Required parameters are:
All foreign streams must be created within a schema. The following code first creates a schema in which to run the rest of the sample code below, then creates a foreign stream named hadoopschema.hdfssink.
CREATE OR REPLACE SCHEMA hadoop_schema; SET SCHEMA 'hadoop_schema'; CREATE or REPLACE FOREIGN STREAM hadoop_schema.hdfs_sink ( "id" INTEGER, "shift_no" DOUBLE, "reported_at" TIMESTAMP NOT NULL, "trip_no" VARCHAR(10), "latitude" DOUBLE, "longitude" DOUBLE, "speed" INTEGER, "baring" INTEGER, "active" BOOLEAN) SERVER HDFS_SERVER OPTIONS ( "HADOOP_USER_NAME" 'root', "HDFS_OUTPUT_DIR" 'hdfs://storm-s3.disruptivetech.com:8020/user/sqlstream/', "FORMATTER" 'CSV', "CHARACTER_ENCODING" 'UTF-8', "QUOTE_CHARACTER" '', "SEPARATOR" ',', "WRITE_HEADER" 'false', "DIRECTORY" '/tmp', "ORIGINAL_FILENAME" 'bus-output.csv', "FILENAME_PREFIX" 'output-', "FILENAME_SUFFIX" '.csv', "FILENAME_DATE_FORMAT" 'yyyy-MM-dd-HH:mm:ss', "FILE_ROTATION_SIZE" '20K' "FORMATTER_INCLUDE_ROWTIME" 'true');
To begin writing data to Hadoop with the above code, you INSERT into hadoop_schema.hdfs_sink.

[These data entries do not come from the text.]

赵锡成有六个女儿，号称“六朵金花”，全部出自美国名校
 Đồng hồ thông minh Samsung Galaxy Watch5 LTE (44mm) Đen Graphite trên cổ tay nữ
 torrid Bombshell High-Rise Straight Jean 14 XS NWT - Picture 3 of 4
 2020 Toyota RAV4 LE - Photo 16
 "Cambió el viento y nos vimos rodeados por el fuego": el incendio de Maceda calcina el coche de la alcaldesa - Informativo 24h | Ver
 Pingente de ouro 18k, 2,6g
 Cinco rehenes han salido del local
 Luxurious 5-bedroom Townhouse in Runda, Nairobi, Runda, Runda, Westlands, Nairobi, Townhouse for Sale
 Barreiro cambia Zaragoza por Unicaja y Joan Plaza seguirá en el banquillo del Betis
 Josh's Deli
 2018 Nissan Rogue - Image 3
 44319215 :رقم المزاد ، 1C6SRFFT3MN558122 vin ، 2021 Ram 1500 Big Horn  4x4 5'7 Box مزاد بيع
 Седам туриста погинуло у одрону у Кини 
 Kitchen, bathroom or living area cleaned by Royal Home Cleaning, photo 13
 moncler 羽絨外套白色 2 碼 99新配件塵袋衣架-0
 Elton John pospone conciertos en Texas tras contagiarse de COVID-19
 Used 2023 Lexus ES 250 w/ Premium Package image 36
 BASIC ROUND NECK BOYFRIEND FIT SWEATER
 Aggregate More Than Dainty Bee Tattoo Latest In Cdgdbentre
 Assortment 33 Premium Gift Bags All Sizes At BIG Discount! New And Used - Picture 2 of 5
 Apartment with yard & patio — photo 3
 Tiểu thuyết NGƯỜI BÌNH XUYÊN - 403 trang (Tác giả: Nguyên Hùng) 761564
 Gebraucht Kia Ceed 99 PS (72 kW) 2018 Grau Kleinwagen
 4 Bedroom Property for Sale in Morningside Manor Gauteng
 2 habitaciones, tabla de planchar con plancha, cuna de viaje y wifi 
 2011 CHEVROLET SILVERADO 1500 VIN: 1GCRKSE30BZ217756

When hadoop_schema.hdfs_sink receives rows, s-Server writes data to the Hadoop server you have configured in the foreign stream options.
In most cases, you will want to set up a pump that writes data to _hadoopschema.hdfs_sink. Pumps are INSERT macros that continually pass data from one point in a streaming pipeline to the other. See the topic CREATE PUMP in the s-Server Streaming SQL Reference Guide for more details.
You do so with code along the following lines:
CREATE OR REPLACE SCHEMA Pumps; SET SCHEMA 'Pumps'; CREATE OR REPLACE PUMP writerPump STOPPED AS --We recommend creating pumps as stopped --then using ALTER PUMP "Pumps"."writerPump" START to start it INSERT INTO hadoop_schema.hdfs_sink SELECT STREAM * FROM "MyStream"; --where "MyStream" is a currently existing stream
To start writing data, use the following code:
ALTER PUMP Pumps.writerPump START;
You configure adapter options through foreign streams/tables. You configure agent options through the ECD agent property file.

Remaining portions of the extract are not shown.